23andMe breach victims land $47m payout from firm’s new owner

Victims of the 2023 data breach at genetics testing firm 23andMe are to share a $46.75m (£35m) payout, after a California bankruptcy court ruled that the company’s new owner must compensate as many as 6.9 million people whose personal information was exposed.

The ruling, handed down on Tuesday, draws a line under one of the most damaging data breaches in consumer technology, and offers UK business owners a stark illustration of how a single security failure can help bring down a company once valued at $6bn.

Chrome Holding, which operates as the TTAM Research Institute, took control of 23andMe last year following the firm’s bankruptcy. It is run by 23andMe co-founder Anne Wojcicki, who won the company’s assets at a bankruptcy auction with a bid of $305m.

Under the ruling, the settlement will first be paid to Kroll Restructuring, which represents the victims, within five business days of Tuesday’s decision. Kroll will then distribute the funds. The appointment of firms such as Kroll is typical in corporate bankruptcy proceedings.

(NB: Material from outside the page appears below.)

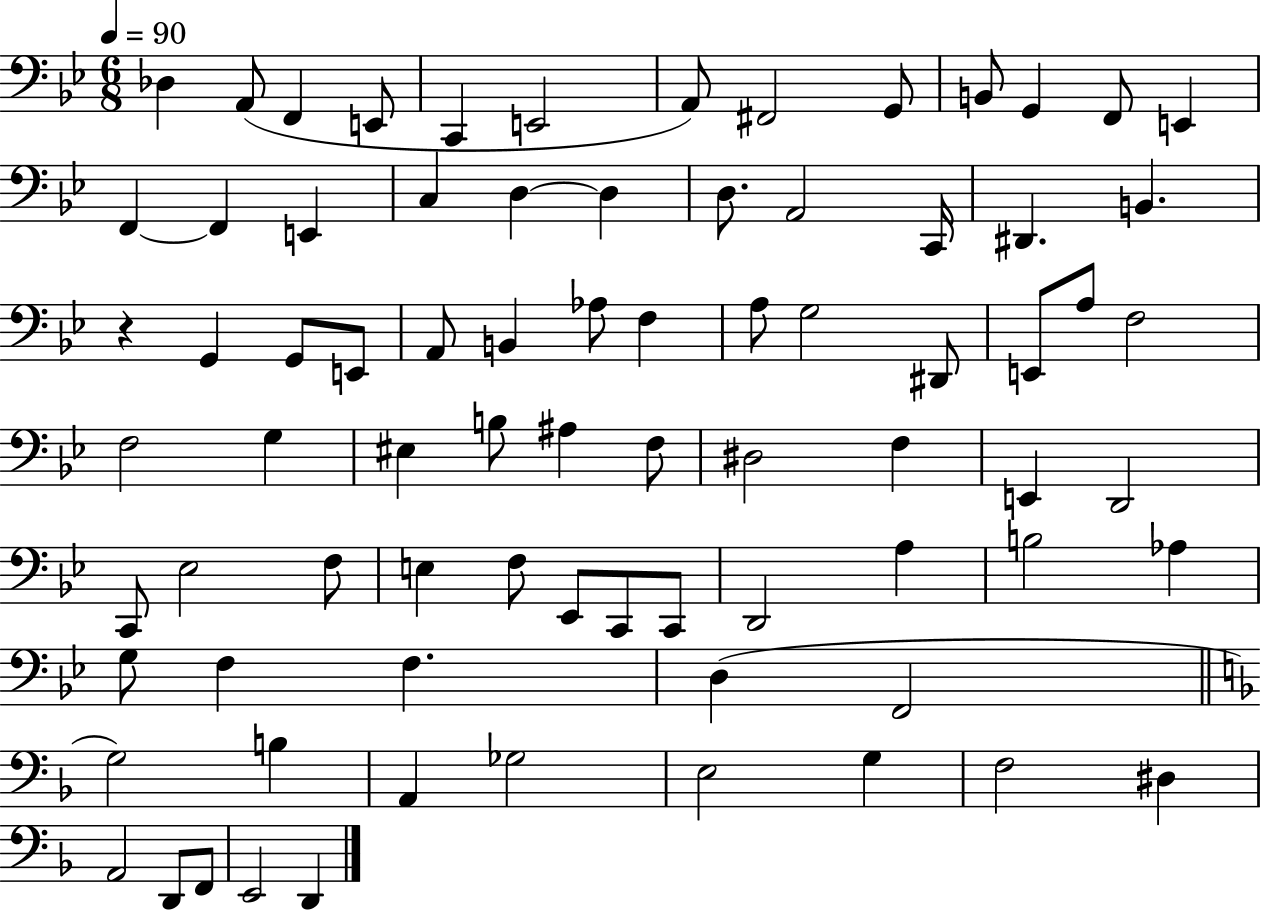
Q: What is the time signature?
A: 6/8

Business Matters has contacted the legal team representing the victims to ask how many people will receive the payout. Representatives of Chrome Holding and 23andMe have also been contacted for comment.

The road to Tuesday’s ruling began with a hack that, on paper, looked contained. 23andMe filed for bankruptcy early last year, roughly 18 months after hackers gained access to around 14,000 user accounts, a small fraction of its total user base.

The damage did not stop there. Because the platform connects users to their genetic relatives, the hackers were able to access the profiles of those users’ family members, giving them reach into millions of profiles hosted by the company.

And this was no ordinary customer database. 23andMe offered “comprehensive” genetic profiles of people who submitted their DNA, including markers relating to their health and family history, meaning some of the stolen information was highly personal and impossible to change once exposed.

The fallout landed on both sides of the Atlantic. In the UK, the Information Commissioner’s Office fined the company £2.31m, finding that 23andMe had failed to put adequate measures in place to secure sensitive user data before the incident.

In May, California’s Attorney General Rob Bonta sued the company following an investigation that found 23andMe “failed to take basic steps to protect users’ data”. Bonta also claimed the firm “lied to consumers about the severity of its 2023 data breach”.

For smaller firms tempted to file this under big-company problems, the direction of travel from regulators should give pause. The 23andMe penalty sits alongside the ICO’s £14m fine for outsourcer Capita over its own 2023 cyber-attack, evidence that the watchdog is increasingly willing to punish security failures with meaningful sums.

23andMe, for its part, continues to trade, selling DNA testing kits online under its new ownership. Founded in 2006 and floated in 2021, the company was once valued at $6bn but has never turned a profit.

For entrepreneurs, the lesson is uncomfortable but plain. Customer data is a liability as well as an asset, and as this week’s ruling shows, the bill for mishandling it can outlive the business itself.